[Exercise aim]: When the listing below reaches the line that has "Hi, my name's", start reproducing exactly; stop after the line that has "Hello and welcome to the", and drop the pictures.

*** Opening of Records provided ***

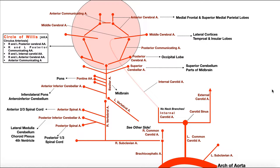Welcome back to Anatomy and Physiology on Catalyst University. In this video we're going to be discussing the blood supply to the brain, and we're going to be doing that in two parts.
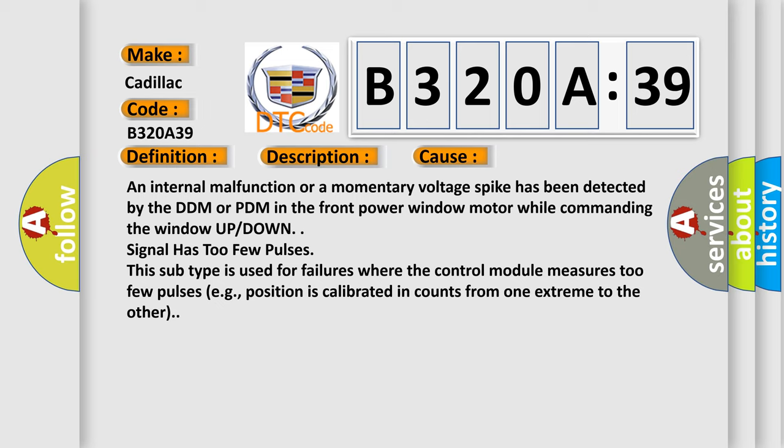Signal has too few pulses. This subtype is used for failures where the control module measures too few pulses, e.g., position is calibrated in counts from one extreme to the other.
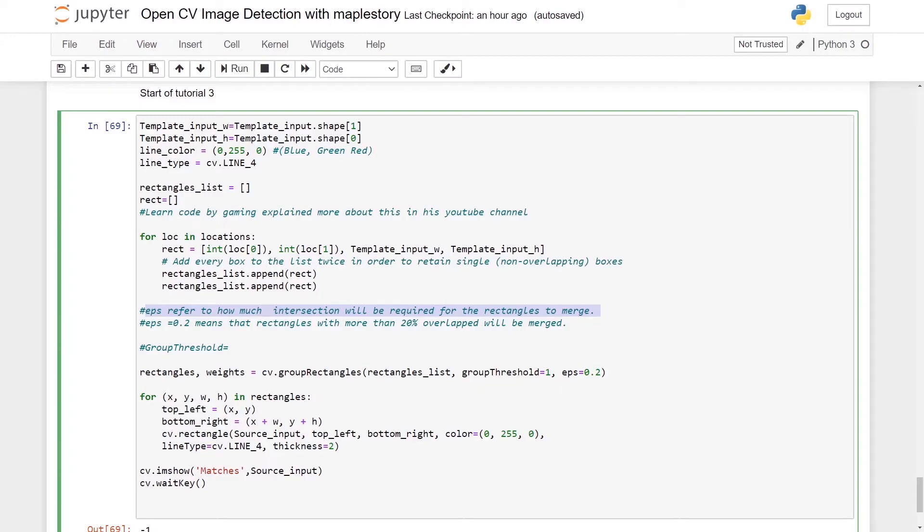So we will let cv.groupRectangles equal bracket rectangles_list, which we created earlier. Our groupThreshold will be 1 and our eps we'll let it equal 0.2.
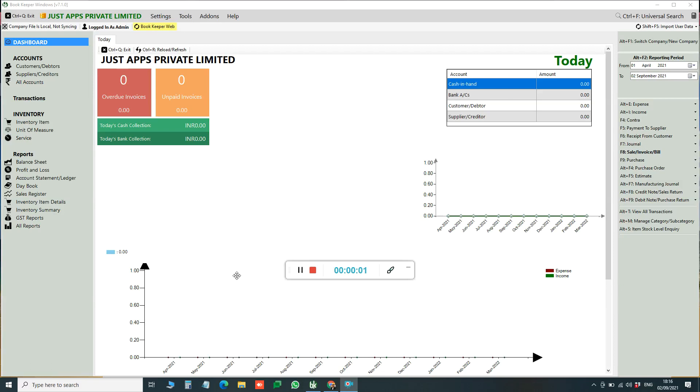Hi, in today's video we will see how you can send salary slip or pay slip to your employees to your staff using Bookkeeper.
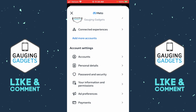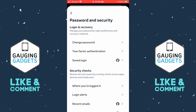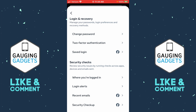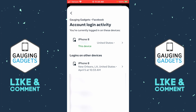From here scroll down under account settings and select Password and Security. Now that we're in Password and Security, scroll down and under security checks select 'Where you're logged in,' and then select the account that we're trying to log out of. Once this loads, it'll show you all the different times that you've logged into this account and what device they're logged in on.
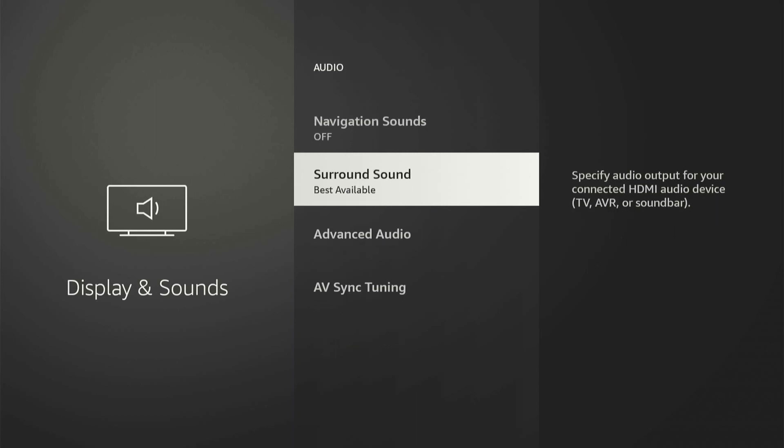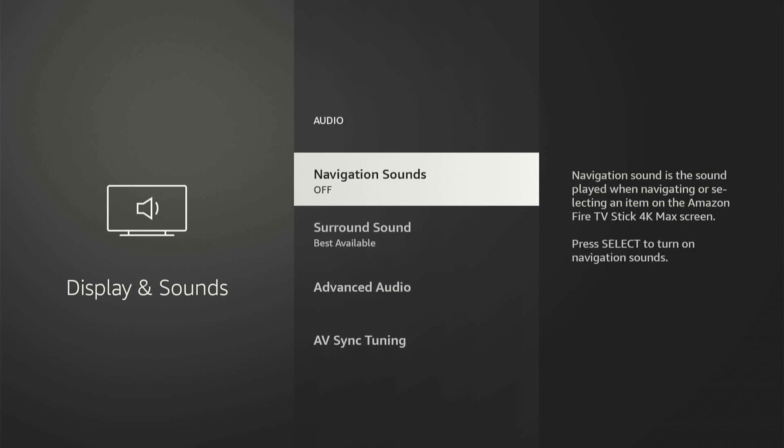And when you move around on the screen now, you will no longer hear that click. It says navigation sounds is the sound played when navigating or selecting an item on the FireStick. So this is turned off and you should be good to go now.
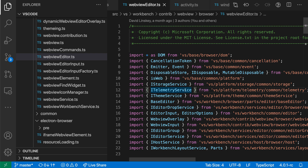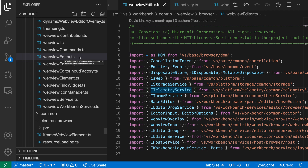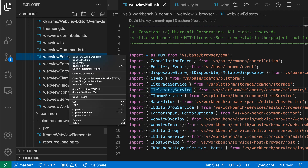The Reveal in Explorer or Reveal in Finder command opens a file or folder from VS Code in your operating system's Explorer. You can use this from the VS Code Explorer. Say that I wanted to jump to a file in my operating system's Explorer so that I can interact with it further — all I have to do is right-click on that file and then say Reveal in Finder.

*** Close of Records provided ***
*** Opening of Records provided ***

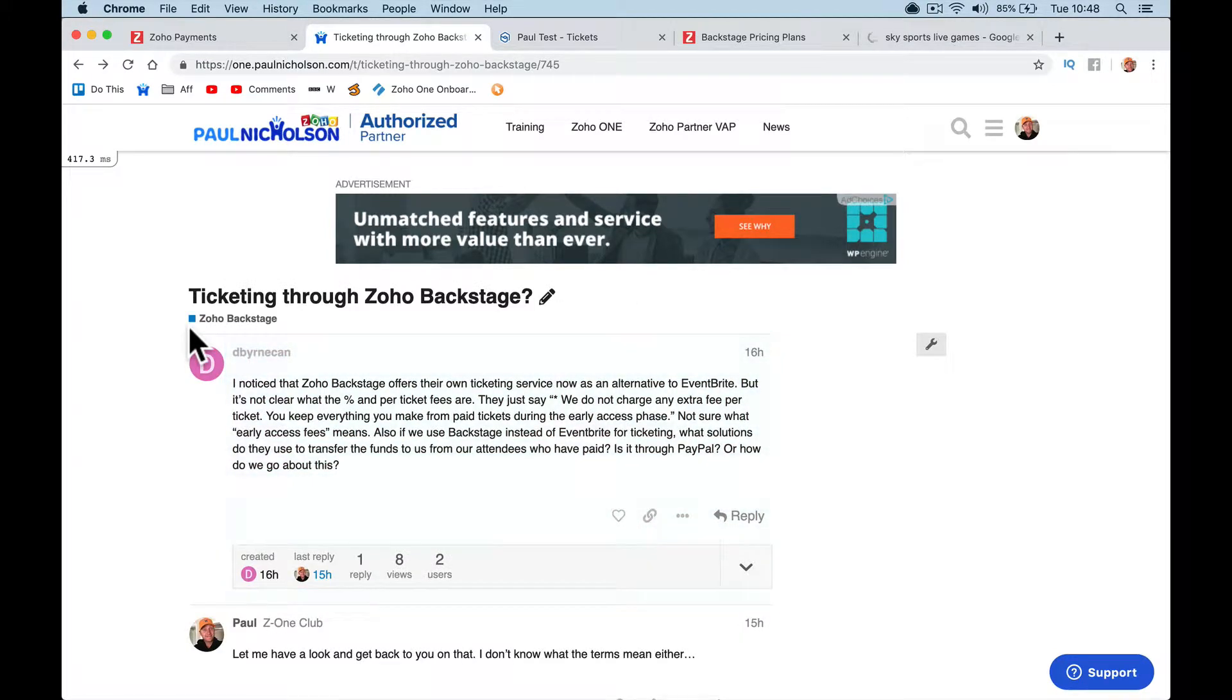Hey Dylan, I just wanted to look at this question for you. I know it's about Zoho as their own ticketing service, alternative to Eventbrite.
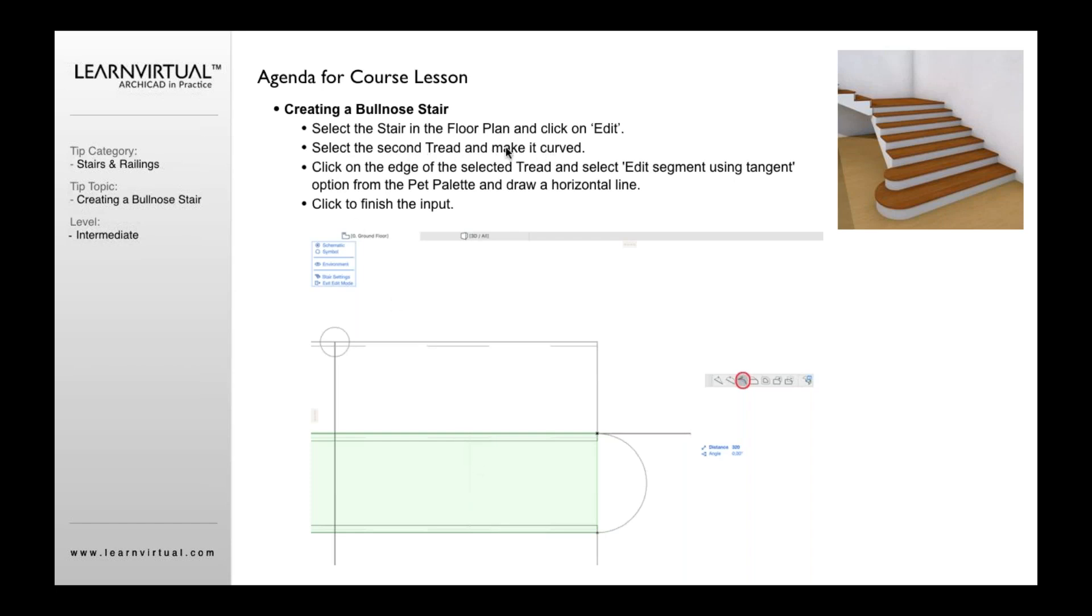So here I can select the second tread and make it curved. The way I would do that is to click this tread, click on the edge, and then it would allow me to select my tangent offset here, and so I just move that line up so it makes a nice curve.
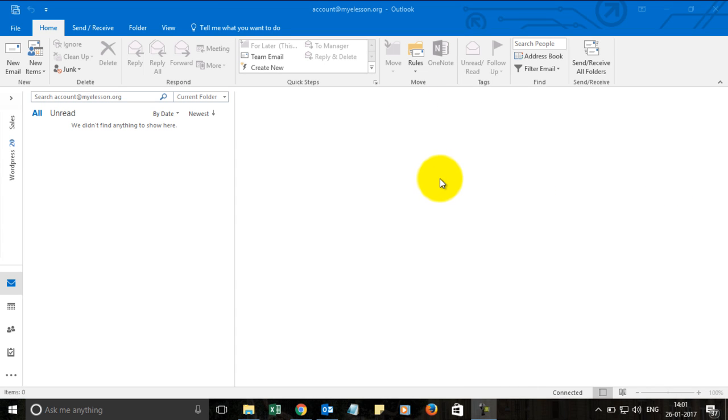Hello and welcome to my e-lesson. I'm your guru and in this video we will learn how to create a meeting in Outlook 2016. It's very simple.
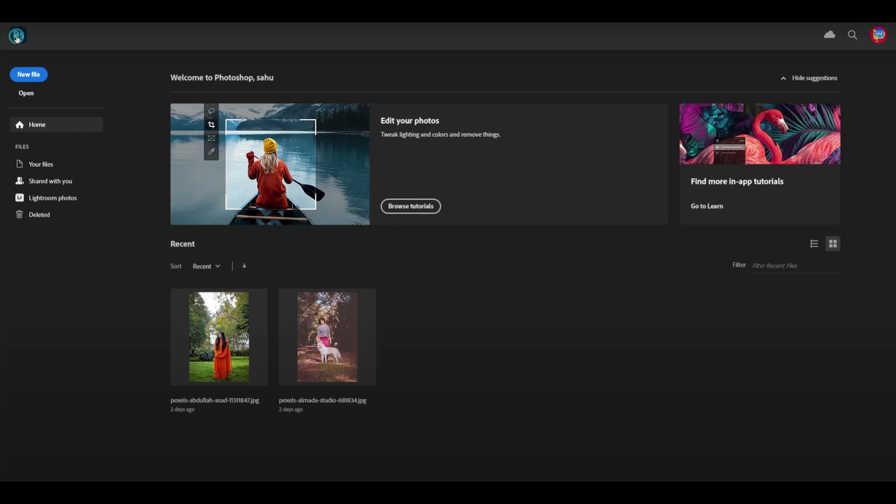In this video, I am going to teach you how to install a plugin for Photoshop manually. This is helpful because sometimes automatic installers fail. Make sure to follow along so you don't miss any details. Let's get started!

*** Close of Records provided ***
*** Opening of Records provided ***

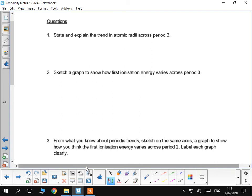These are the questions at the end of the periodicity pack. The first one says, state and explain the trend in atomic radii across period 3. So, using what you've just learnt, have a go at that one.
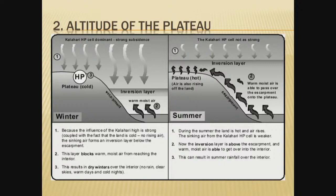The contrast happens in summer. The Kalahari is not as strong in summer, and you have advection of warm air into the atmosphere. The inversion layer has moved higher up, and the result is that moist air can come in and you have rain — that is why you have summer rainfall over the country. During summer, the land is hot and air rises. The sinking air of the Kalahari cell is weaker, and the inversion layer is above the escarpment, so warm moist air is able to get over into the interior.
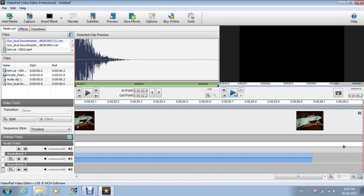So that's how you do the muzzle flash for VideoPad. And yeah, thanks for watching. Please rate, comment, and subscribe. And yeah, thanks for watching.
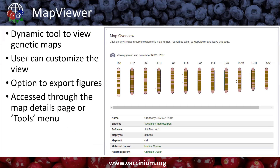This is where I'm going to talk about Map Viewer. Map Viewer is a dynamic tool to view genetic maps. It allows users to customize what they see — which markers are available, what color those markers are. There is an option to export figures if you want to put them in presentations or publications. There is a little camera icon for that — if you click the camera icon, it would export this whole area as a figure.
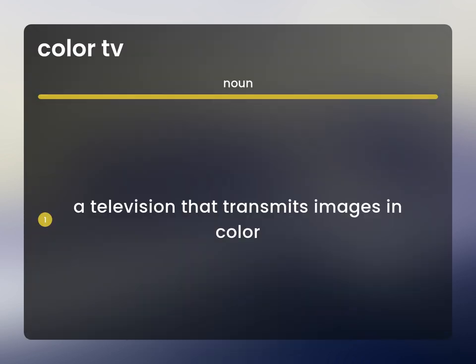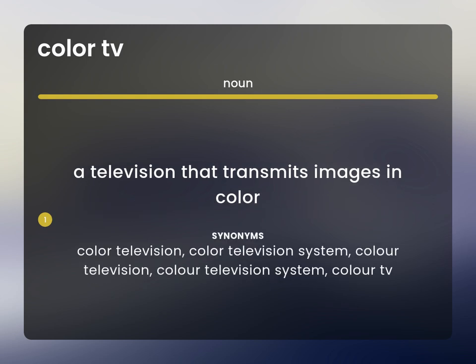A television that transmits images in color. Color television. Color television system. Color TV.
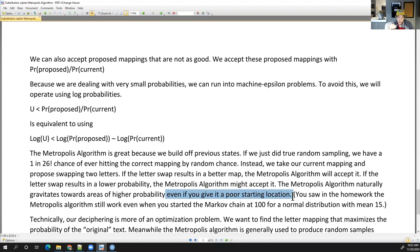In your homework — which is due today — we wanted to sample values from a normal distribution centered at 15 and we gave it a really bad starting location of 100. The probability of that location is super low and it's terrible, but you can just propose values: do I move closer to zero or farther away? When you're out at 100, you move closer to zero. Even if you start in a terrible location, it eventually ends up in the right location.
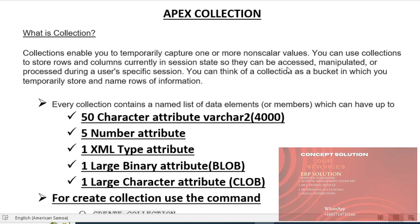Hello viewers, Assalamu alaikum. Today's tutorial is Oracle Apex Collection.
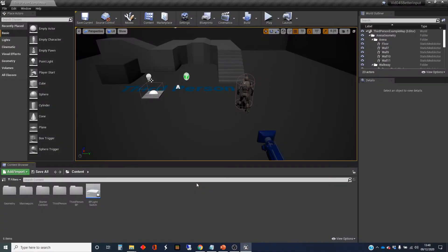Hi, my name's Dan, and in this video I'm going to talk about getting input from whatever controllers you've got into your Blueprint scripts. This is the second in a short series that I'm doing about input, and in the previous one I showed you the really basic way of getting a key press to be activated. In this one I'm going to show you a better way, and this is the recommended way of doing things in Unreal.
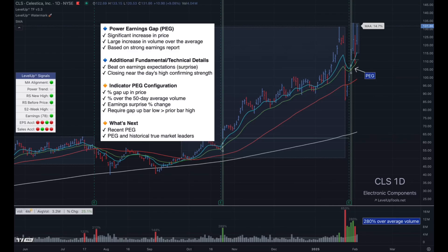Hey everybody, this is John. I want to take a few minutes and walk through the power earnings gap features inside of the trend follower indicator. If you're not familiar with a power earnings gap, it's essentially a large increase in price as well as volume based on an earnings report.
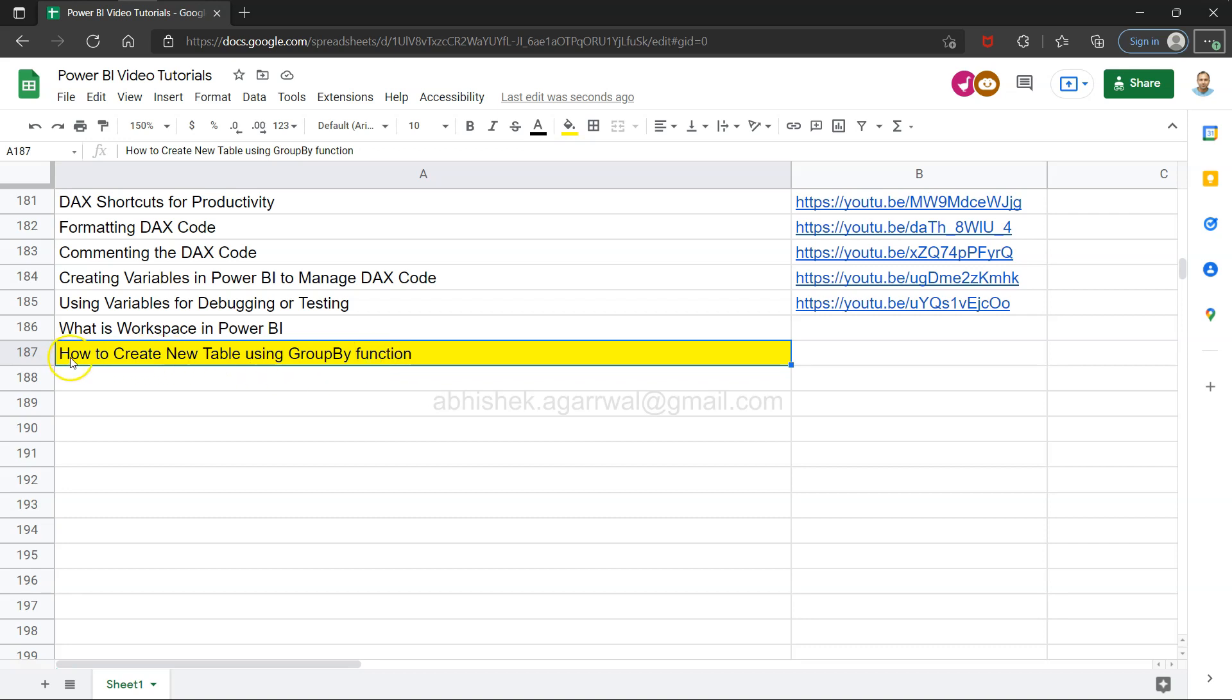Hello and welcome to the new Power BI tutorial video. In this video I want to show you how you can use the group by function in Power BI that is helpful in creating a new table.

*** Close of Records provided ***

[The completed task]:
Hi, my name's Dan, and in this video I'm going to talk about getting input from whatever controllers you've got into your Blueprint scripts. This is the second in a short series that I'm doing about input, and in the previous one I showed you the really basic way of getting a key press to be activated. In this one I'm going to show you a better way, and this is the recommended way of doing things in Unreal.
Hey everybody, this is John. I want to take a few minutes and walk through the power earnings gap features inside of the trend follower indicator. If you're not familiar with a power earnings gap, it's essentially a large increase in price as well as volume based on an earnings report.
Hello and welcome to the new Power BI tutorial video. In this video I want to show you how you can use the group by function in Power BI that is helpful in creating a new table.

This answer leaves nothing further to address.